А на следующий день на Риальто под сводами Пескерии (рыбного рынка XV века) Роксане торжественно вручили одну из медалей за лучший рисунок ко Дню Сан-Мартино. Представитель венецианского муниципалитета повесил ей на шею медаль и поднял ее на руки под громкие аплодисменты собравшихся и крики чаек. Это было полнейшей неожиданностью. Рисунки всех школ были вывешены по периметру Пескерии. Одноклассники подбегали и показывали Роксане, что на ее рисунке наклеен маленький зеленый кружочек. Мы вежливо кивали, и только папа Маргариты наконец объяснил мне: зеленый кружочек означает, что рисунок Роксаны отобран в победители. Вскоре на сцену вызвали и ее саму: "Bambina della terza elementare – Roxana Kenjeeva!"

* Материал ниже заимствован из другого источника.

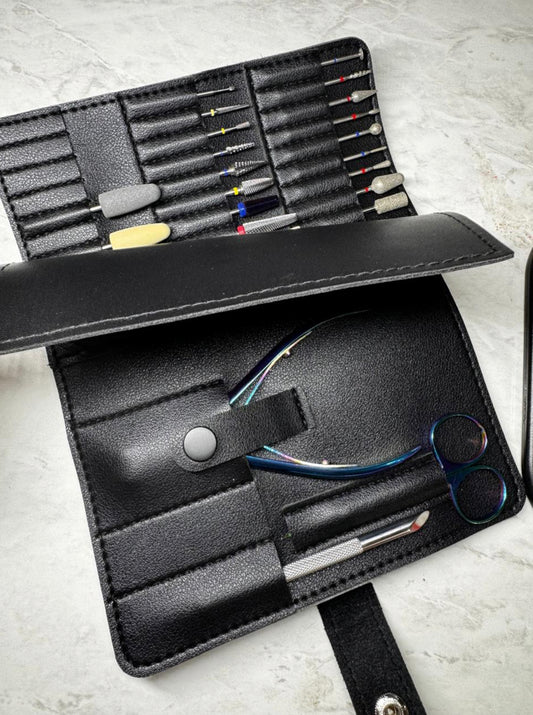 ESTUCHE DE HERRAMIENTAS NEGRO lovely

Бедный Пятачок! Она очень гордилась сестрой, но ведь и ее рисунок был выставлен на одном из стендов. Она крепилась-крепилась, но, когда увидела настоящую золотую медаль, не выдержала. Крупные слезы покатились по щекам прямо в ямочки: "Я же тоже раскрасила Сан-Мартино. И нарисовала коня! И плащ! И небо раскрасила всё-всё…" Мама прибегла к своему художественному авторитету, сказала, что на следующий год (хм-хм) Букашкины таланты точно будут оценены и, конечно же, небо у нее такое синее, какое ни у кого не получилось. Даже у ее соседа по парте Симоне. Да что там Симоне – Джотто позавидовал бы! Напрасно. Дело кончилось тем, что и Роксана, сойдя со сцены и увидев Сашины страдания, расплакалась и начала поскорей прятать медаль. Даже выданные всем детям традиционные сладости – кренделя в виде коня со всадником – оказались бессильны. В мою юбку уткнулись две плачущие девочки. Горечь русского менталитета не подсластить итальянскими dolce. В памяти всплыли недавно сказанные мне слова одного венецианского издателя. Он говорил так: "Вы, русские, и мы, итальянцы, очень похожи. Но вы не росли на солнце, вы проводите долгие месяцы в замороженной земле, и поэтому, даже когда приходит время урожая, в вас всегда чувствуется славянская горечь…" Мне всегда казалось, что идея конкурсов вообще вредна для детей, тем более для таких маленьких. Да и Роксана, едва утешившись, прошептала мне на ухо: "Что-то они не очень хорошо подумали – уж в первом-то классе могли бы всем давать медали". Но тут мне стало грустно. (Рассуждая так, я и сама оказалась носителем духа конкуренции. И неважно, что со знаком "минус": "Если Евтушенко за колхозы, то я против".) Ведь никто из итальянских детей не плакал. Верятно, потому, что, в отличие и от Америки, и от России, итальянское общество – не конкурентное. Не то чтобы совсем свободное от этого – все-таки ничто человеческое… – но почти. Венеция слишком прекрасна, чтобы бегать по ней наперегонки. Здесь надо просто жить. Растить детей, ловить рыбу на солнышке и радоваться, если в сети к соседу заплыла какая-нибудь толстая orata, потому как в другой раз она приплывет к тебе. Вспоминается старинный анекдот. Два русских мастеровых напились, и один говорит другому: "Вань, вот я сейчас выпил и скажу тебе откровенно: работать ты не умеешь, и то, что ты делаешь, – полное дерьмо". Напились два итальянских ремесленника: "Марио, вот я сейчас выпил и скажу тебе откровенно: ты настоящий маэстро, и все, что ты делаешь, – беллиссимо!"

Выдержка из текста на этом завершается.